Nanofluids (NFs) are obtained by adding nanoparticles to conventional working fluids to form stable solid–liquid suspensions [1]. NFs can be used in many industries for improving system efficiency or for process improvements. Because NFs can be used to enhance the thermal properties of working fluids and the heat transfer efficiency of heat exchangers, many researchers have investigated NFs in depth, examining topics such as their manufacturing methods, basic characteristics (e.g., thermal conductivity, density, viscosity, specific heat, suspension capability), heat transfer behavior (for pipes and heat exchangers with different geometries), transport behavior (e.g., pressure drop, pumping power, and rheological properties), and the NFs used for improving the efficiencies of equipment such as heat dissipation radiators, heat recovery systems, and solar collectors [26].

In previous studies, nanoparticles (NPs) added to NFs have mostly been metal NPs (e.g., Cu, Ag, and Au) and oxide NPs (e.g., CuO, Al2O3, TiO2, SiO2, and ZnO). The thermal conductivity of metal NFs is typically higher than that of oxide NFs, but metal NPs in the base fluid are easily oxidized; therefore, metal NFs can soon be expected to be converted to oxide NFs. Furthermore, most metal NPs are expensive because mass production is difficult and they are not used in practical equipment. Although oxide NFs have characteristics that are fairly stable, their thermal conductivity is low and cannot be increased appreciably by raising the thermal conductivity of the base fluid. However, the high aspect ratio of NPs increases disturbance in the working fluid (microconvection), which can enhance the thermal conductivity and heat convective performance of NFs [7, 8].

Researchers have begun studying the manufacturing technology, characterization, and applications of carbon-based nanomaterials such as nanographites (NGs), nanocarbons (NCs), carbon nanotubes (CNTs), and graphene because of their high thermal conductivity [915], high heat transfer coefficient, heat exchange capacity in the base fluid [1618], high aspect ratio, and unique mechanical and physicochemical properties [1725]. Most of the thermal properties of CNTs and graphene are superior to those of NGs and NCs; therefore, NFs prepared by adding CNTs and graphene to the base fluid can be expected to exhibit excellent thermal performance. However, many methods used for manufacturing CNTs and graphene require a particular atmosphere or specific equipment, leading to high manufacturing costs or the use of numerous chemicals, which results in waste treatment problems.
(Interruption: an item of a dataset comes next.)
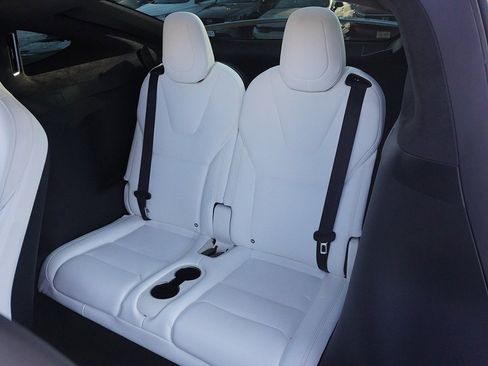 Used 2018 Tesla Model X 100D image 41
Therefore, when the use of CNTs and graphene is considered, associated requirements such as the manufacturing cost, the scale of production, and the environmental friendliness of the manufacturing process should also be considered.

This study employed the oxygen (O2)–acetylene (C2H2) flame synthesis method (OAFSM) to develop an O2–C2H2 flame synthesis system (OAFSS) for fabricating nanocarbon-based nanofluids (NCBNFs). This method was applied at four flow rate ratios of O2 to C2H2. The morphology, structure, particle size, suspension performance, and other basic characteristics of nanocarbon-based materials (NCBMs) and NCBNFs were tested using suitable instruments and test methods to demonstrate the characteristics of NCBMs and NCBNFs and the feasibility of manufacturing NCBNFs with this OAFSS.

Methods

Preparing the NCBNFs involved applying the OAFSM, which is a single-step synthesis method. Figure 1 displays a schematic of the OAFSS with the OAFM for NCBNFs. An O2–C2H2 flame was the carbon source. A nebulizer, synthesizer, sample collector, water flow meter, control valve, digital mass flow controller (MFC), electromagnetic stirrer (PC420D, Corning, USA), and O2–C2H2 torch were integrated to complete the OAFSS. As shown in Fig. 1, filtered water (tap water filtered and purified using a 5-μm filter) traversed a control valve and flow meter to control the spray state and flow rate of the nebulizer. The O2–C2H2 torch produced flames at different flow rates and ratios of O2–C2H2 that were controlled using the MFC. The O2–C2H2 flame was burned in a synthesizer as a carbon source; the generated smoke was cooled and condensed by water mist to form the NCBMs. When the mixtures of NCBMs and filtered water flowed into the sample collector, the mixtures were NCBNFs.
Fig. 1
Fig. 1

Schematic layout of the OAFSS for NCBNFs

The manufacturing process parameters of the OAFSS for NCBNFs are detailed as follows. The flow rate of filtered water was controlled at 1.2 liters per minute (LPM), the C2H2 flow rate was fixed at 2.5 LPM at a pressure of 1.5 kg/cm2, and the O2 flow rate was controlled at 0–1.5 LPM at a pressure of 3.0 kg/cm2. The O2/C2H2 fuel combination had four configurations of the flow ratio, designated P1–P4 (P1 1.5/2.5, P2 1.0/2.5, P3 0.5/2.5, P4 0/2.5). An increase in the proportion of oxygen in the O2–C2H2 flame is expected to produce a more complete combustion, less smog and less NCBM, and vice versa. To reduce the risk of cross contamination, the P1 configuration was applied first in this research, and configurations P1 to P4 were executed sequentially. Each process parameter configuration was executed for 3 min, and the total amount of working liquid was approximately 3.6 L. However, some water vaporized in the combustion process; therefore, for each configuration, the collected amount of NCBNFs was slightly lower than 3.6 L.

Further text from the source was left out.